# Calliope, Lutino Cockatiel



## AstronomicalArtisan (Aug 20, 2021)

Picture of my Tiel a few days after I got her (picture with half my face in it), and today (full face).


----------



## Robert Seale (Sep 16, 2017)

That's a very sweet looking Lutino you have there! Welcome to the forum!


----------



## AstronomicalArtisan (Aug 20, 2021)

Robert Seale said:


> That's a very sweet looking Lutino you have there! Welcome to the forum!


Thanks a bunch, Rob! She's such a sweetie bird and loves attention. hehe


----------



## Artchimamma (Jul 23, 2021)

Hi there How old is your baby


----------



## AstronomicalArtisan (Aug 20, 2021)

Artchimamma said:


> Hi there How old is your baby


She's only turning 3 months old on September 5th.

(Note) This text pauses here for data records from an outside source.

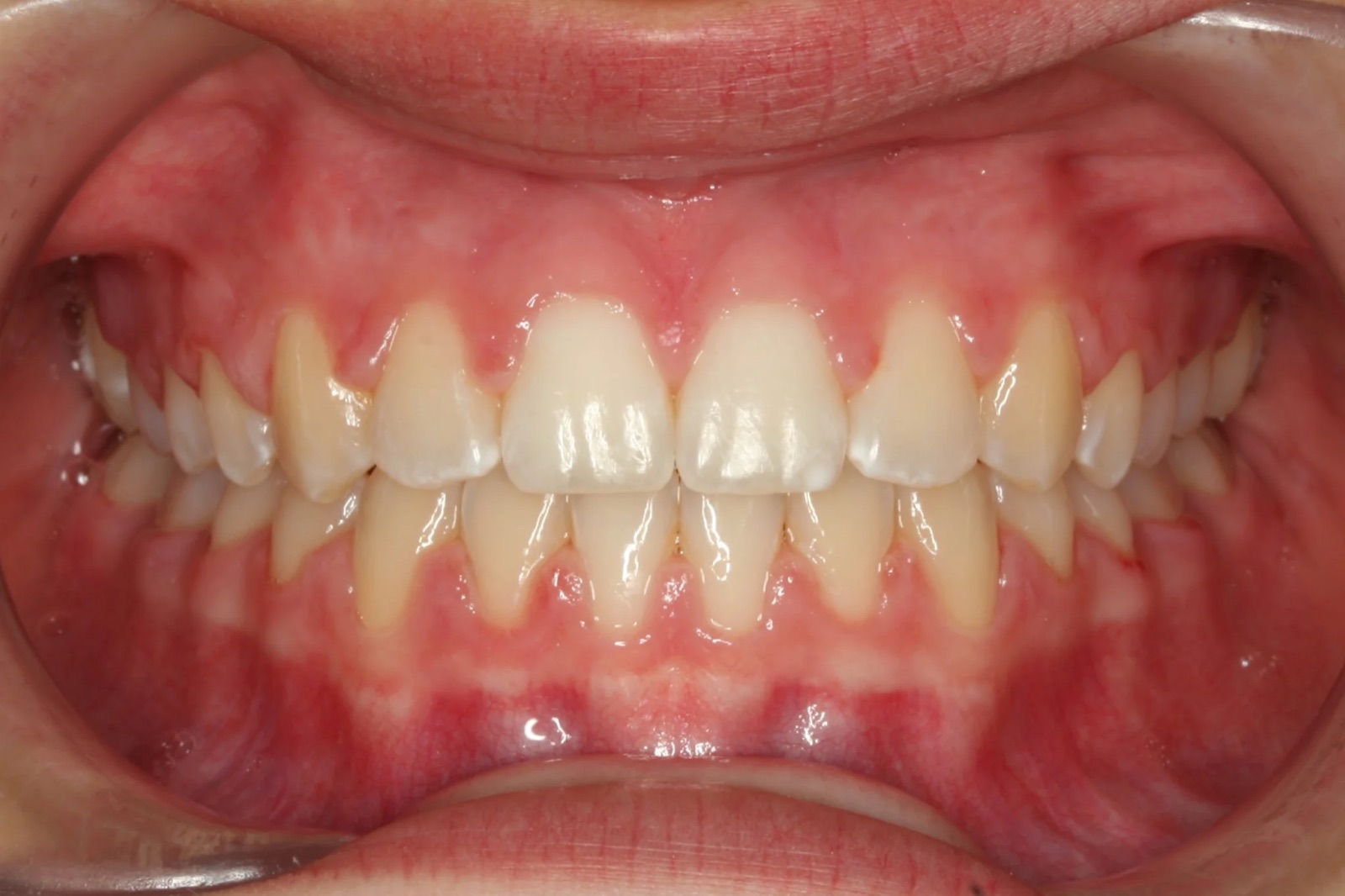 After treatment: front view of the teeth, case 1.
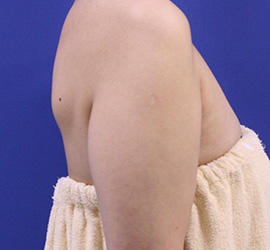 40代女性の脂肪吸引 Before 症例写真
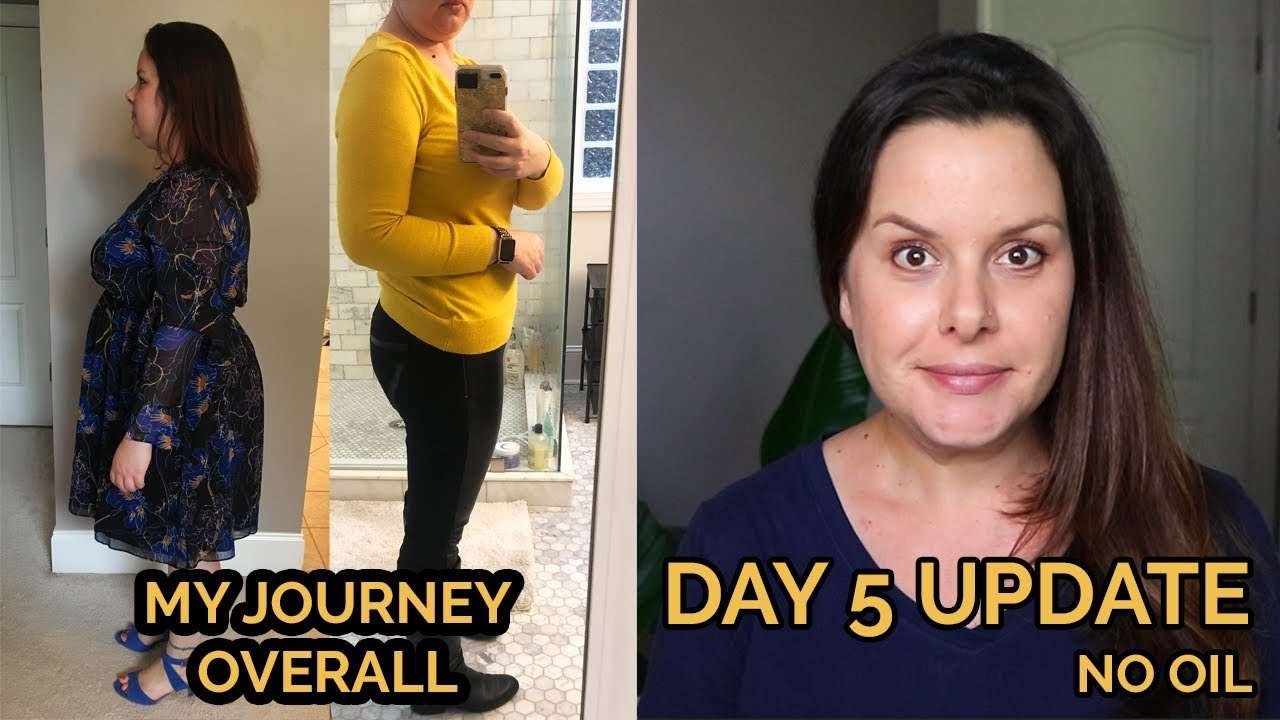 McDougall Maximum Weight Loss & My Journey Update (High Liver Enzymes)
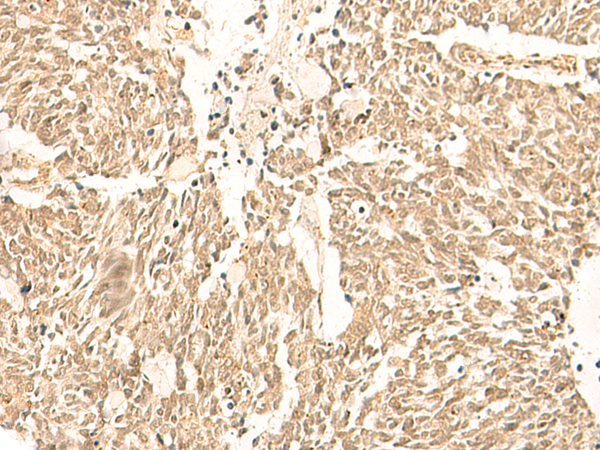 Immunohistochemistry of paraffin-embedded Human lung cancer tissue  using TBPL1 Polyclonal Antibody at dilution of 1:50(×200)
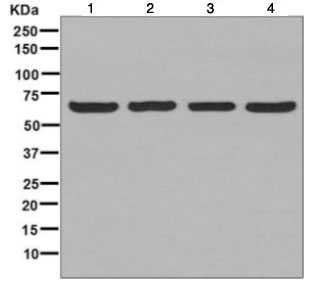 Western blot - Anti-STIP1/STI1 antibody [EPR6606] (AB126753)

She was born on June 5th of this year, and I adopted her at the end of July.


----------



## Artchimamma (Jul 23, 2021)

Cute mine just turned 4 weeks old I also have a lutino with red eyes what color is your baby eyes?


----------



## AstronomicalArtisan (Aug 20, 2021)

Artchimamma said:


> Cute mine just turned 4 weeks old I also have a lutino with red eyes what color is your baby eyes?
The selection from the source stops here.